Whitehot Magazine

Shannon Cartier Lucy Home is a crossword puzzle I can’t solve at Lubov

Shannon Cartier Lucy, My Signature Act, 2017. Oil on canvas. 18 x 22 inches. Courtesy of the artist and Lubov, New York.
 

Shannon Cartier Lucy
Home is a crossword puzzle I can’t solve
January 18—March 8
Lubov, New York, NY

BY MADELINE CASTEEL March, 2020

Shannon Cartier Lucy’s version of home, as presented in her exhibition at Lubov, is one of domestic nihilism and dark humor. Although there is no clear chronology amongst the six oil paintings in the main gallery, the group as a whole functions like a film, progressing scene by scene, room by room. In Our New Home (2017) a glass bowl of goldfish sit atop a violet flame on a gas stove. The water has yet to boil and the fish are still swimming, but their fate is clearly sealed. Pencil marks delineating light switches and shelves recede on the green-gray walls beside the stove.

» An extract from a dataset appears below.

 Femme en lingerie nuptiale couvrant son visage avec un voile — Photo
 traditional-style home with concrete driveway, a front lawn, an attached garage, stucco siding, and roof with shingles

The painting echoes Vija Celmin’s Hot Plate (1964) wherein a banal appliance in the artist’s muted studio glows hauntingly—but the stakes have been raised in Lucy’s work as we brace ourselves for broken glass and sizzling goldfish. 

A similar moment on the brink of death happens in a dimly lit bedroom in Naptime (2018). A woman rests patiently on her side on a blue and white striped bed. The entire room, including the figure, is draped in what appears to be dry-cleaning plastic. A golden dress, hangs near the closet, a royal blue fan by her side. In the foreground, a red flowered houseplant suff ocates on a white dresser. The furnishings all glimmer with the sheen of their plastic coverings. The woman’s cheeks are still flush. 

 Shannon Cartier Lucy, Naptime, 2018. Oil on canvas. 23 x 30 inches. Courtesy of the artist and Lubov, New York.

Tragedy is not unwelcome, but an expected visitor. The paintings are made meticulously in step with their psychological grip. In My Signature Act (2017) two hands play a piano. On top of one hand, a nail file is taped. On the other, a pencil. A full cup of coffee balances on one wrist. This painting, like the others in the exhibition, has a trembling accuracy. At first glance they appear delicate and careful but are slightly blurred by frenzied marks, like nearly perfect notes, applied in nervous rhythm.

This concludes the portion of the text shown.